The other way is to insert runtime checks at the boundaries. Whenever we want to check the type of a value whose type we can't statically determine, we insert a check at runtime that fails if the type isn't the type expected.

NOTE: this is a sort of approximation of how Rhombus' type checking works. For more details, see Rhombus documentation

fun foo(x) :: Number:
  let (y :: Number) = x
  let z = y + 1
  z

foo(1) // -> 2
foo("hello") // -> runtime error

// ... becomes ...
fun foo(x):
  let y = x
  assert y is a number

  let z = y + 1

  let _result = z
  assert _result is a Number

  _result

foo(1) // -> 2
foo("hello") // -> runtime error

Specification Verification

In the language Dafny, it is possible to specify conditions that must hold at the beginning or end of a function.
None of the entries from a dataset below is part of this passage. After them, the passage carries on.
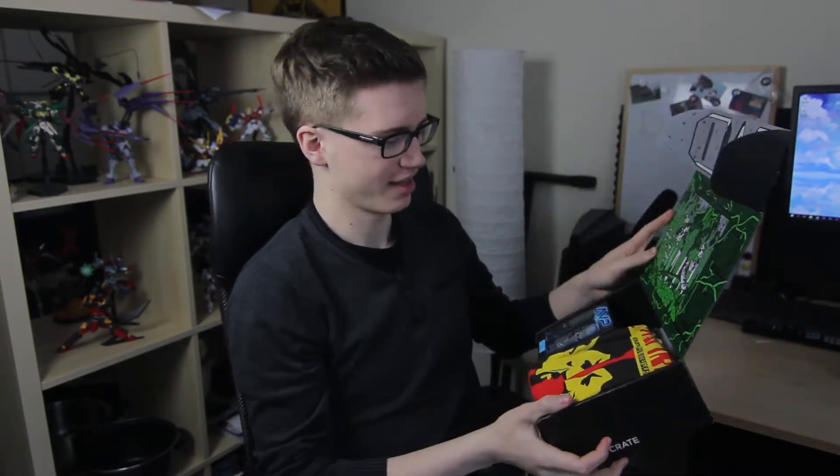Well, you can only see two things from here, but aren't they just two things? First off we have a t-shirt. T-shirt in every box.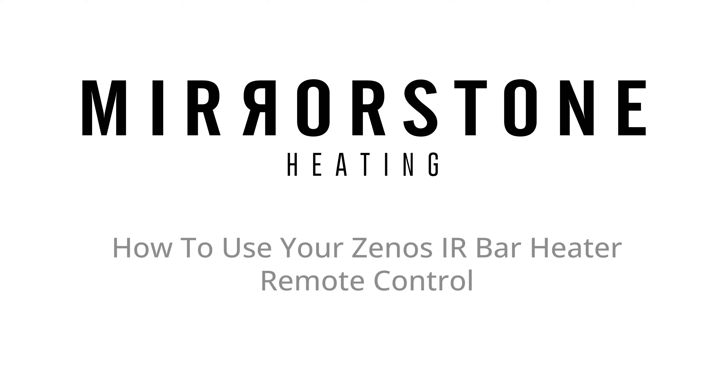Hi guys, in this video we're going to be showing you everything you can do with your Xenos infrared bar heater remote. Let's get going.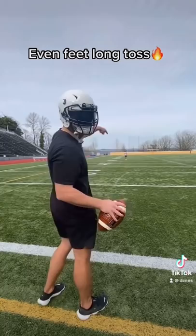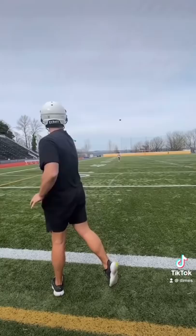He's at 30 yards away. I'm going to demonstrate. Move back until you're throwing it as far as you can with even feet.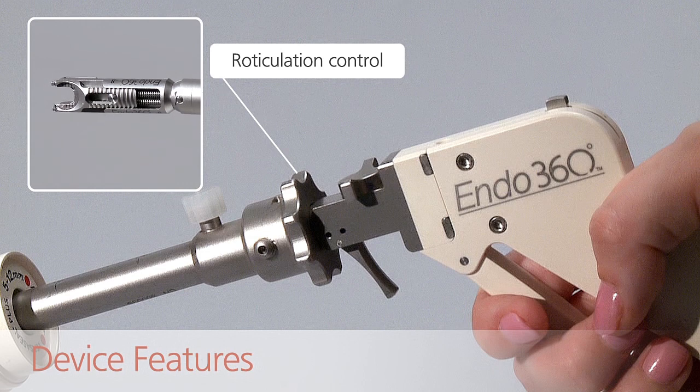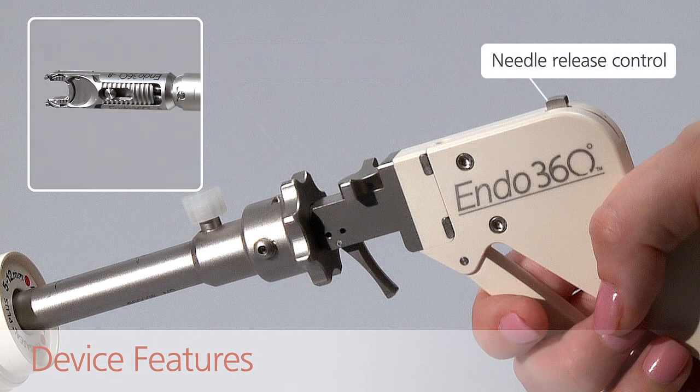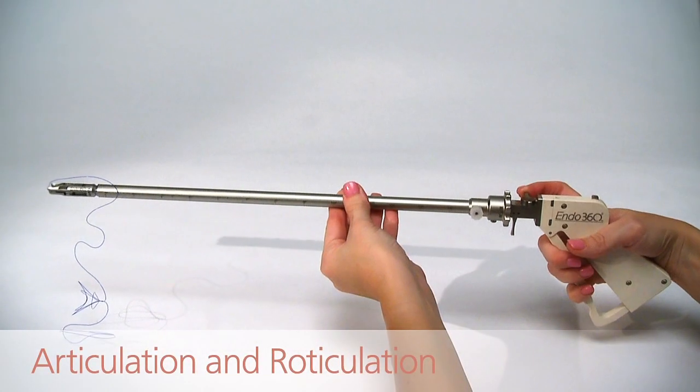The reticulation control spins the device shaft 180 degrees. The needle release control allows the operator to release the needle from the device at any time.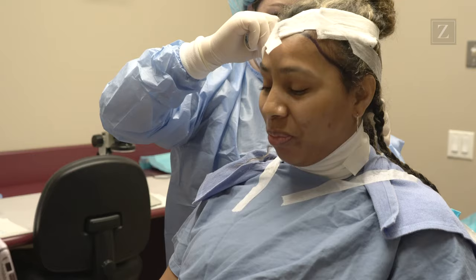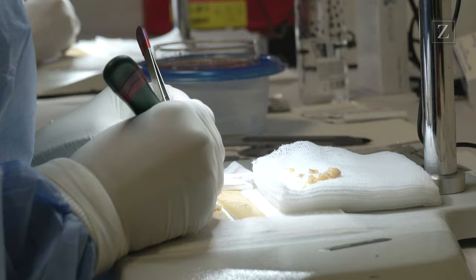It is the standard, the gold standard, because of its remarkable efficiency in harvesting the hair and effectiveness in delivering viable hair into the treatment area. The procedure itself is quite simple.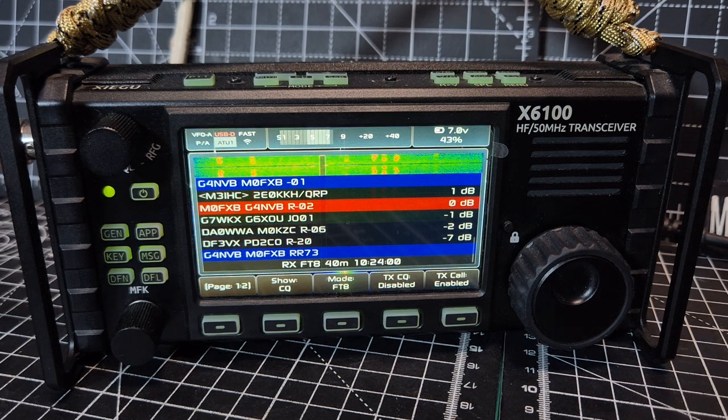Right, well I'll leave it at that. Give it a go — links in the description for the firmware R1CBU. Thank you very much, 73.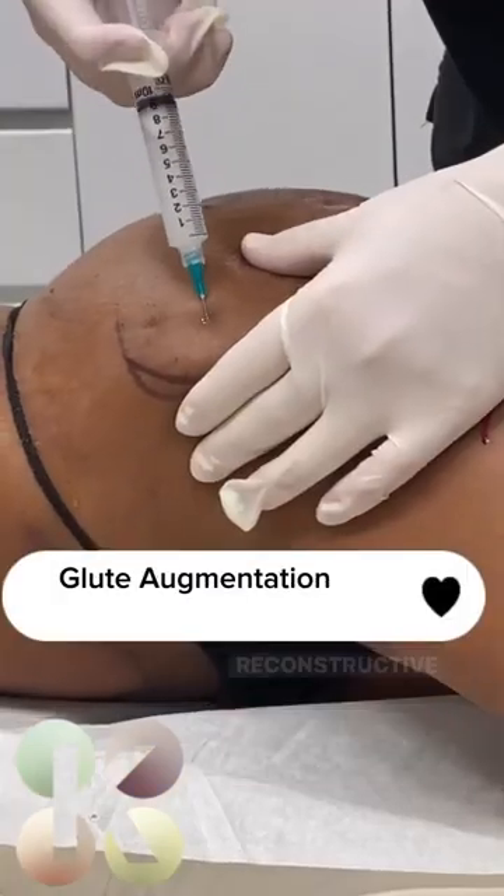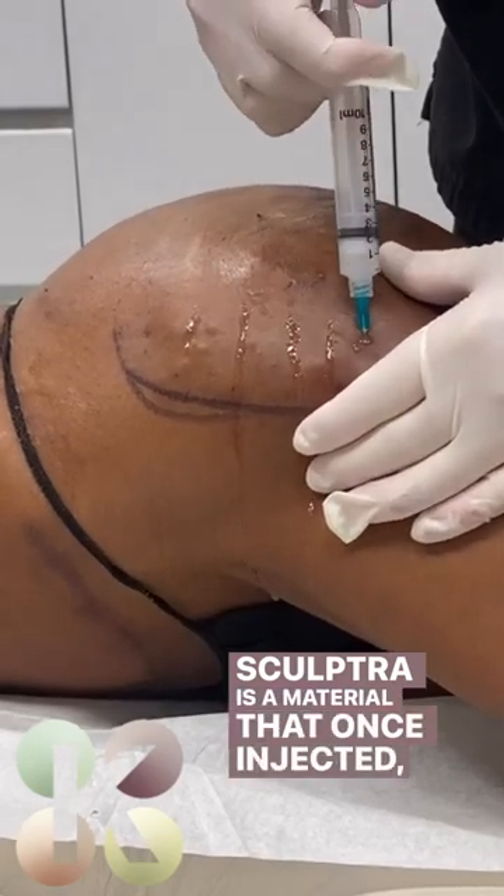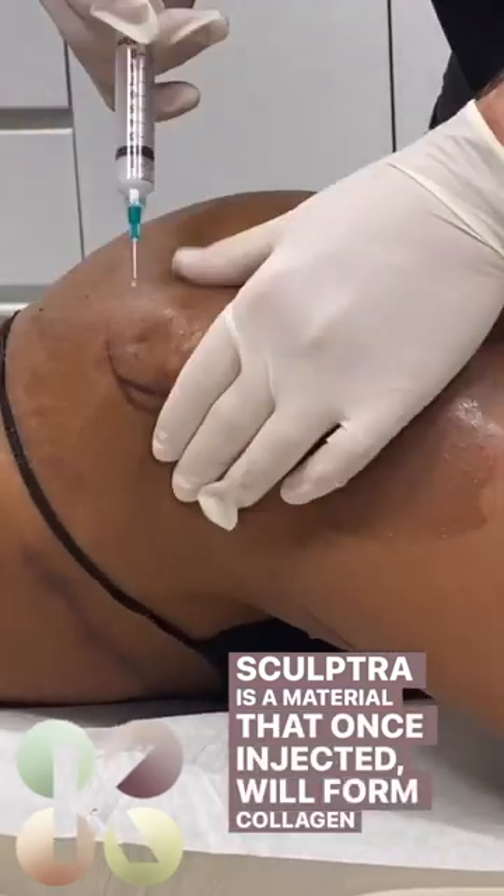Hey, this is Dr. Kaplan, board-certified plastic reconstructive surgeon. Sculptra is a material that, once injected, will form collagen at three to four weeks and continue forming collagen for up to six months.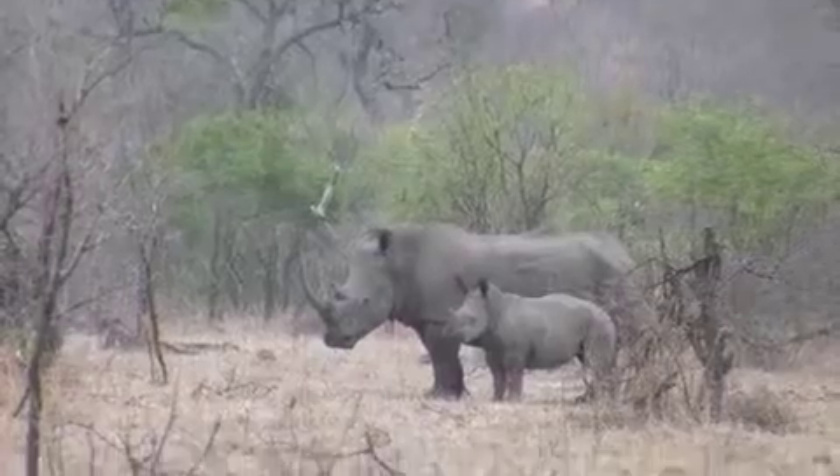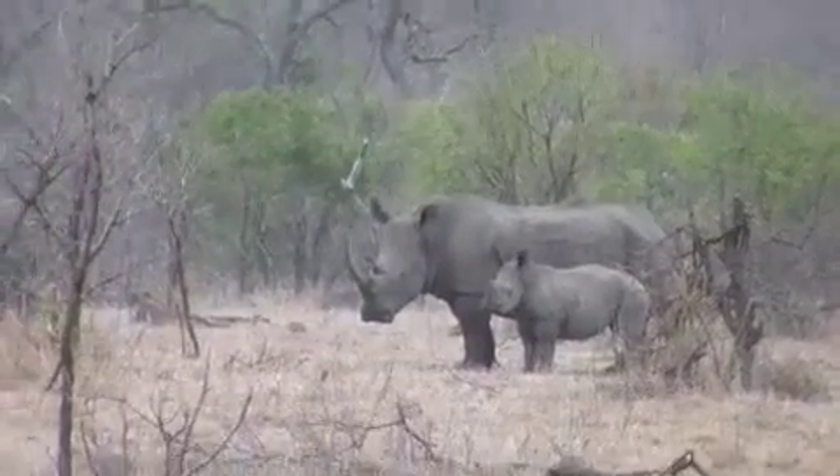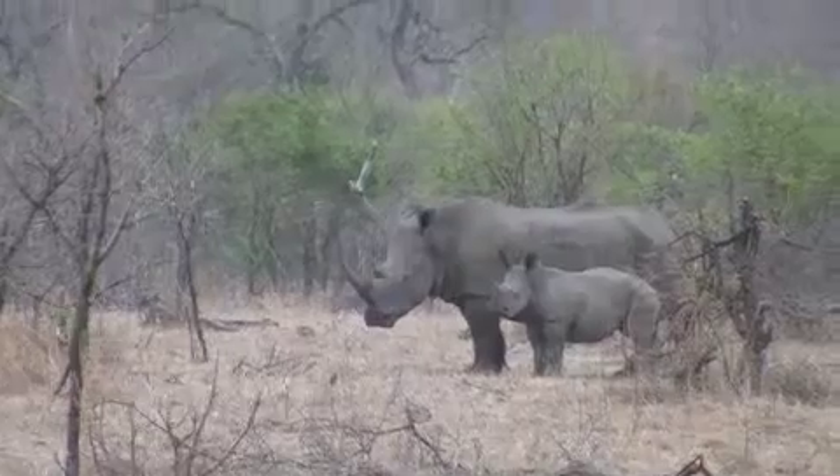Mother and calf — you can see the little bump on the front of the horn. It's about a class C calf, I'd say class B to class C. It's maybe 18 months, two years.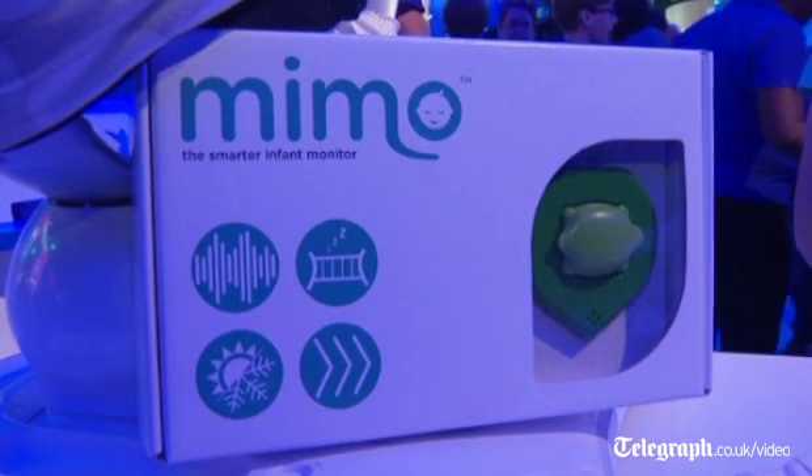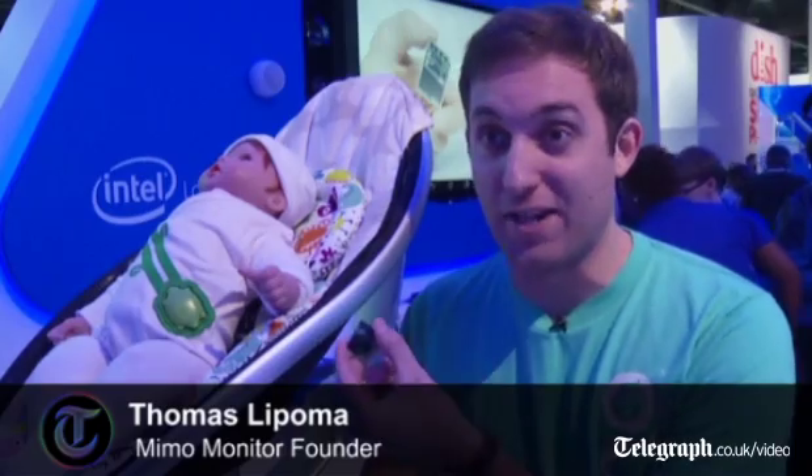We're showing off the new Mimo monitor. We partnered with Intel to use the new Intel Edison chip, which is a really cool new chip — it's essentially a computer built into an SD card.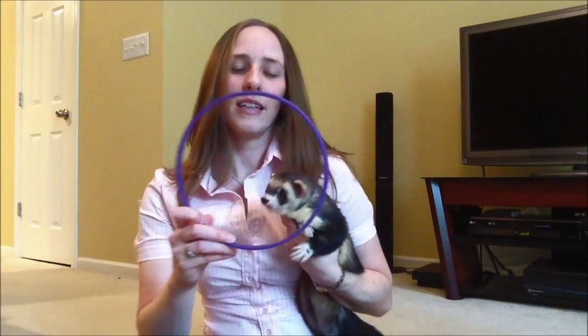To get started, all you will need is your clicker and a hoop. This hoop is just a little plastic embroidery hoop that you can get at craft stores — it's a perfect size for a ferret. If you don't have a craft store in your area, you can get one online. It's just an embroidery hoop that people use for cross stitching.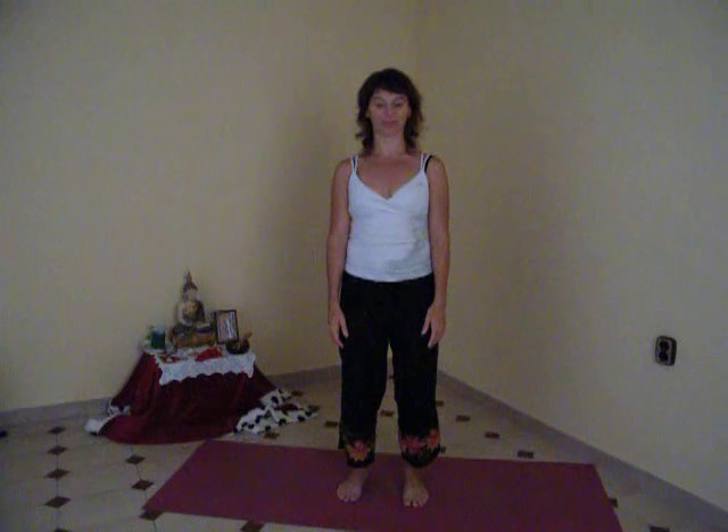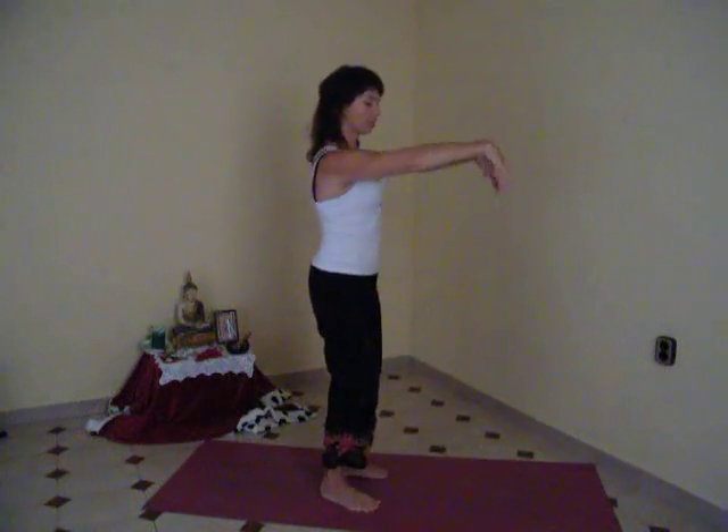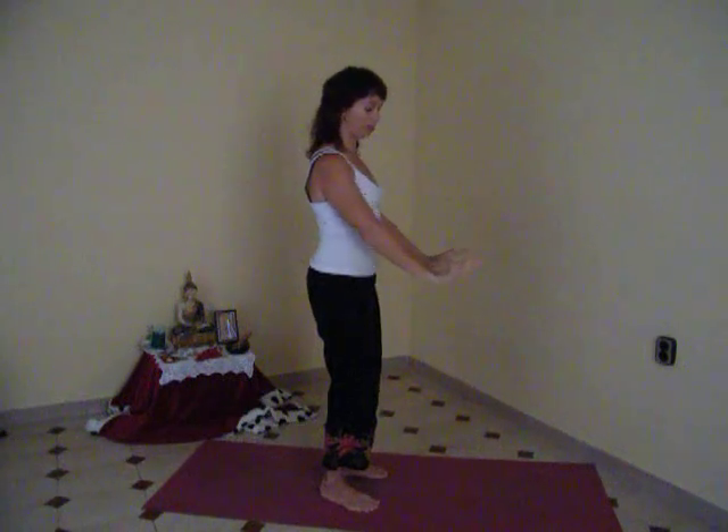Now it's painting the wall. Come to your buchi position. We're going to let the hands come up. Again they float from shoulder level down to the hips. Now this exercise is called painting the wall because your hands move like a paintbrush up and down.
For example, safe_div can be defined as follows:

method safe_div(a: int, b: int) returns (result: int)
    requires b != 0
{
    return a / b;
}

Notice that the requires specifies a condition that b must meet. In order to call safe_div, you need to statically prove that b is not 0, such as by checking first that b != 0.

This is a really nice feature, but most languages don't support this kind of specification or proof directly. For this reason, we need a way to get this into the type system ourselves.

"Gradual" Dependent Typing

In a similar way to how gradual typing techniques can be used to bridge the gap between dynamic and static typing, we can also use newtypes to bridge the gap between dynamic and static contracts.

If we wanted to take an approach similar to Type Contracts, we could implement NonZeroU32 as:

struct NonZeroU32(u32);

impl NonZeroU32 {
  fn new(n: u32) -> Self {
    assert!(n > 0, "n must not be zero");
    Self(n)
  }

  fn as_u32(&self) -> u32 {
    *self.0
  }
}

We could alternatively take the Type Erasure approach and implement NonZeroU32 as:

struct NonZeroU32(u32);

impl NonZeroU32 {
  fn new(n: u32) -> Self {
    // no assertion, trust the user
    Self(n)
  }

  fn as_u32(&self) -> u32 {
    *self.0
  }
}

Personally, I feel like the first approach is most useful. Either way, though, newtypes can be used to move contracts from a dynamic world to a static world.

Conclusion

This idea of using newtypes as contracts feels like a powerful tool to me. It's one way to move as much as possible to the type system so that logic bugs can be caught when the developer compiles the code rather than when the user uses it. As I've written these ideas down, I've realized that, because some things can't be completely expressed statically, there is value in finding ways to bridge the dynamic and static world.

I've also realized that dependent type "proofs" can have practical uses. PyO3 passes around a Python<'py> token that proves that you have access to the Python interpreter. When you use capability passing, the capabilities that you pass around are proofs that you have access to a given resource. I guess that's a post for another day, though.